There are multiple ways to access the ADLS Gen2 file like directly using shared access key, configuration, mount, mount using SPN, etc. Here in this post, we are going to use mount to access the Gen2 Data Lake files in Azure Databricks.
You can refer to the below post to
- Create Mount in Azure Databricks
- Create Mount in Azure Databricks using Service Principal & OAuth
In our last post, we had already created a mount point on Azure Data Lake Gen2 storage. Here, we are going to use the mount point to read a file from Azure Data Lake Gen2 using Spark Scala.
Sample Files in Azure Data Lake Gen2
For this exercise, we need some sample files with dummy data available in Gen2 Data Lake.

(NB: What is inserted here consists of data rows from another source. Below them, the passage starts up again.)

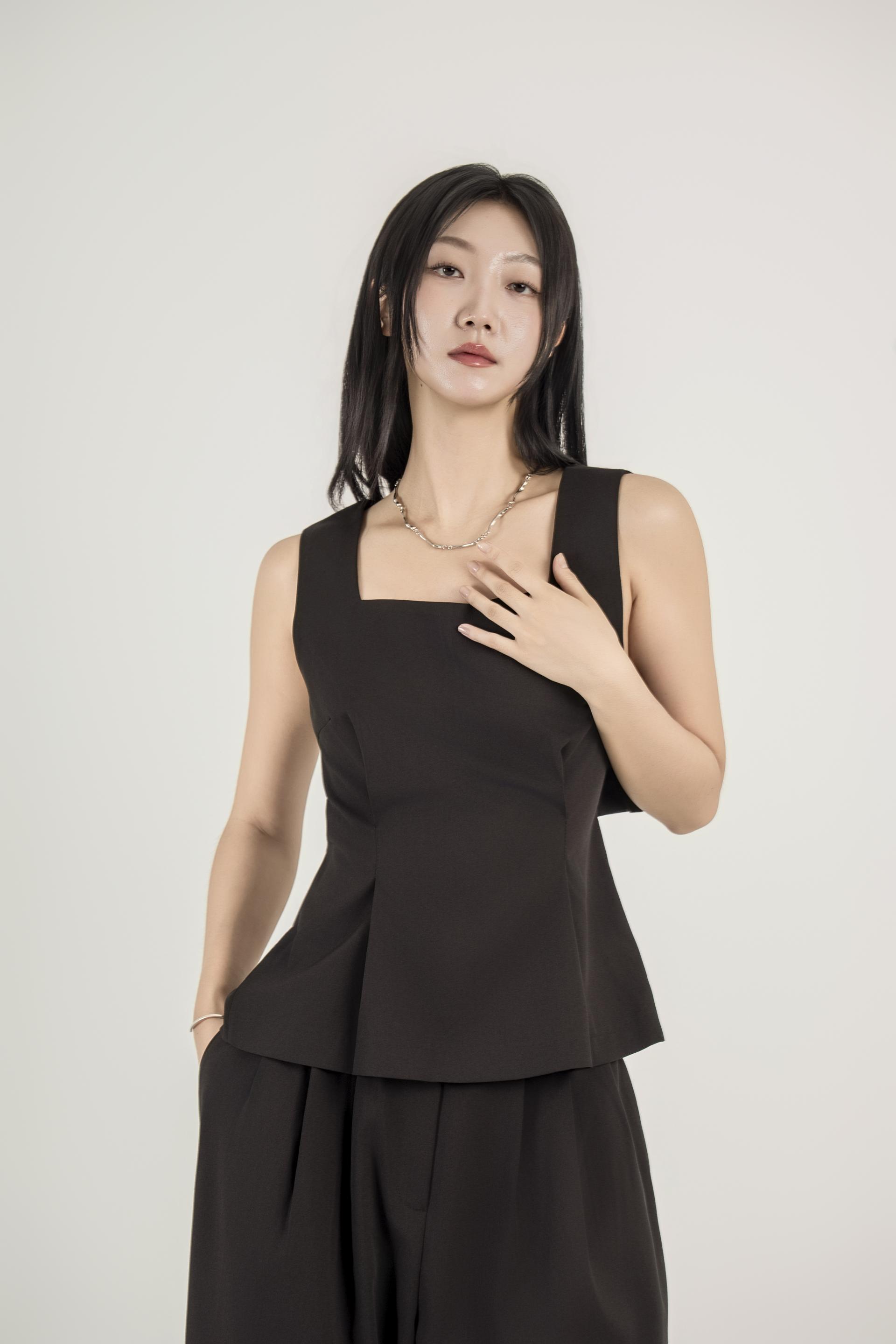 스퀘어넥 플레어 탑 와이드 팬츠 셋업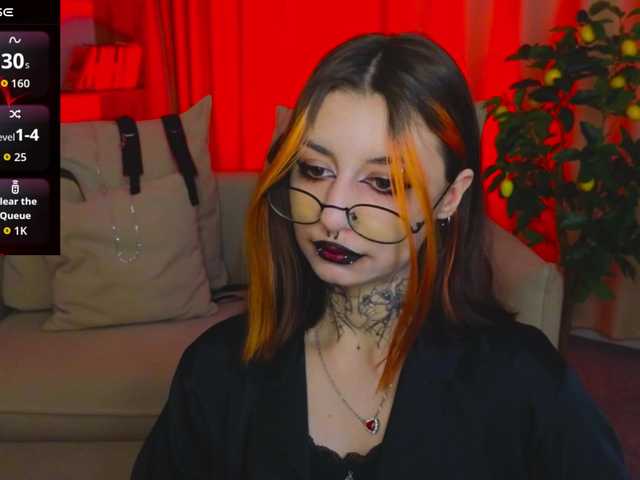 MistressMarcelline's BongaCams show and profile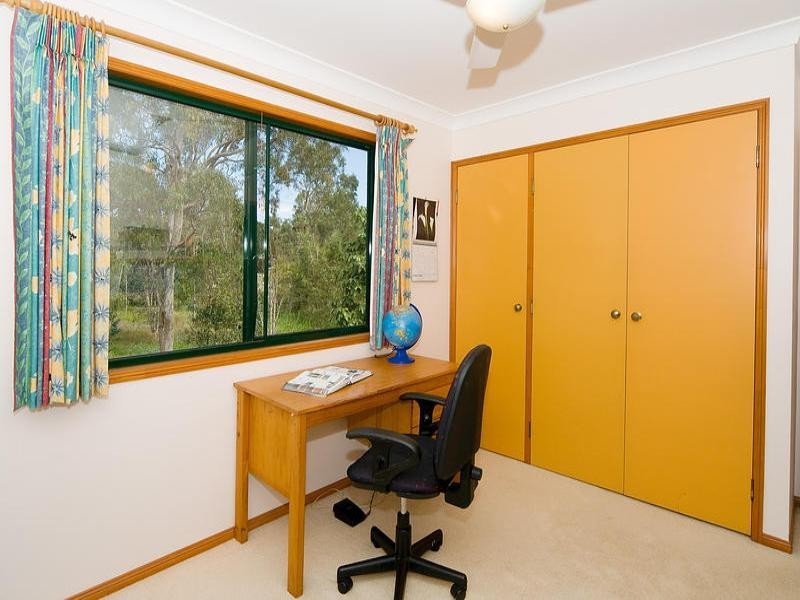 8 Mikkelsen Court, Camira QLD 4300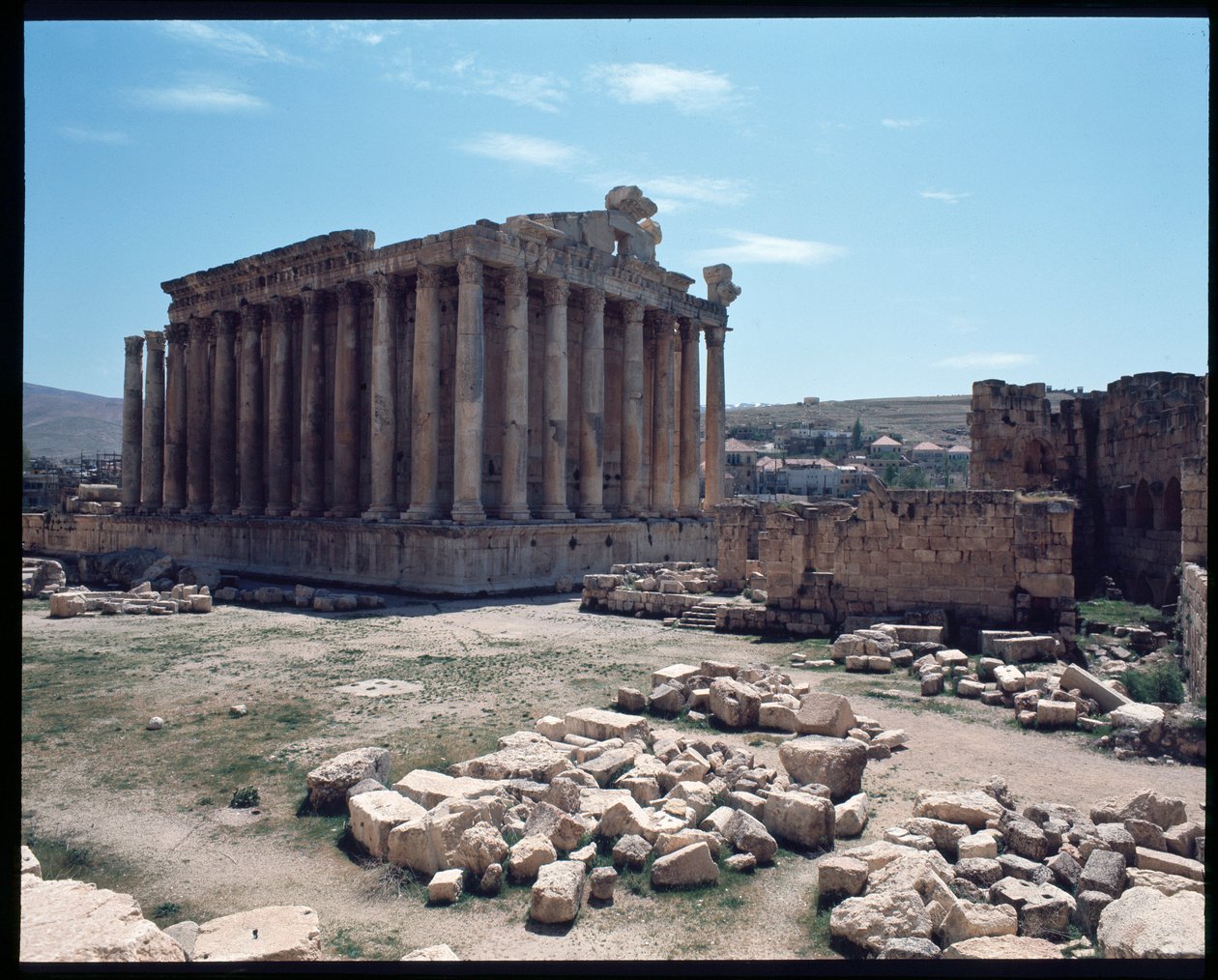 Overblijfselen van de tempel van Bacchus door Roman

We have 3 files named emp_data1.csv, emp_data2.csv, and emp_data3.csv under the blob-storage folder which is at blob-container.
Python Code to Read a file from Azure Data Lake Gen2
Let’s first check the mount path and see what is available:
%fs ls /mnt/bdpdatalake/blob-storage
%python empDf = spark.read.format("csv").option("header", "true").load("/mnt/bdpdatalake/blob-storage/emp_data1.csv") display(empDf)
Wrapping Up
In this post, we have learned how to access and read files from Azure Data Lake Gen2 storage using Spark. Once the data available in the data frame, we can process and analyze this data.